Answer: Yes, it is worn like a watch and can be used in real-time. Data stored on the device can be downloaded to a computer if desired. In addition, the settings on the device can be customized using computer software.

Question: Your study shows that only the big meal eaters can benefit by this intervention. How do you like to describe the fact that calorie intake was not reduced in those who ate less than 400kcal in your study?

Answer: Yes, it seems that slowing bite-rate with the bite-rate counter may be most effective for individuals who consume larger amounts of food but not individuals who eat small meals. This is called a ceiling effect. When the baseline is high, it is easier to make it go down than up. The opposite is a floor effect. When the baseline is low, it is easier to make it go up than down.

Question: How do you describe the psychological effect of bite counter?

Answer: In one sense you can think of it as a biofeedback device. In another sense, you can think of it as a non-judgmental reminder.

This news release was based on the original scientific article published by Dr. Muth in Journal of the American Dietetic Association. Additional general background information was acquired from PubMed and NIH sources.

Original work; Scisco et al., Slowing bite-rate reduces energy intake: an application of the bite counter device. J Am Diet Assoc. 2011 Aug ;111(8):1231-5.

Dr. Eric R. Muth Ph.D., is a Professor and Director of Human Factors Institute, Department of Psychology, Clemson University. Dr. Muth has specific expertise in measuring human physiology in free living humans. His current work focuses on tracking intake behavior using simple, wearable devices.

Adam Hoover and Dr. Muth, are partners in a company, “Bite Technologies,” that markets and sells a bite-counter device. Clemson University has filed a US patent for intellectual property known as “The Weight Watch”, serial no. 61/144,203 having a filing date of January 13, 2009. Bite Technologies has licensed the method from Clemson University and has been funded by South Carolina Launch, a state organization that incubates startup companies associated with university intellectual property. Bite Technologies manufactures self-contained, portable versions of the Bite Counter.
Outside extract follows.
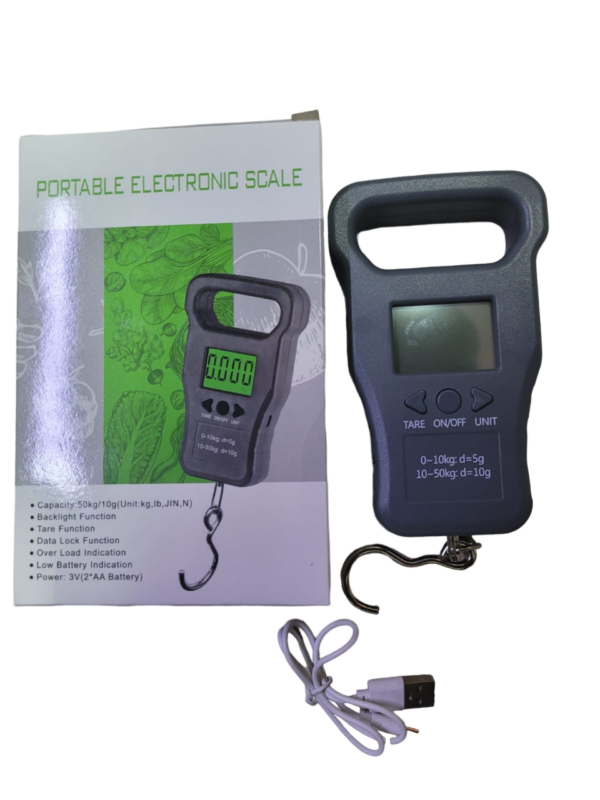 Rechargeable electronic scale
Dr. Muth would like to acknowledge his main collaborator and business partner, Dr. Adam Hoover, Associate Professor of Electrical and Computer Engineering. Jenna Scisco, a PhD candidate in his lab, was the lead investigator on the slow eating paper. Yujie Dong, a PhD candidate in Dr. Hoover’s lab also collaborated on the project.

Specific funding for the paper: Jenna Scisco was funded on a National Defense Science and Engineering Graduate(NDSEG) fellowship through the Air Force Office of Scientific Research. Funding for experiment materials was provided by a Creative Inquiry grant from Clemson University.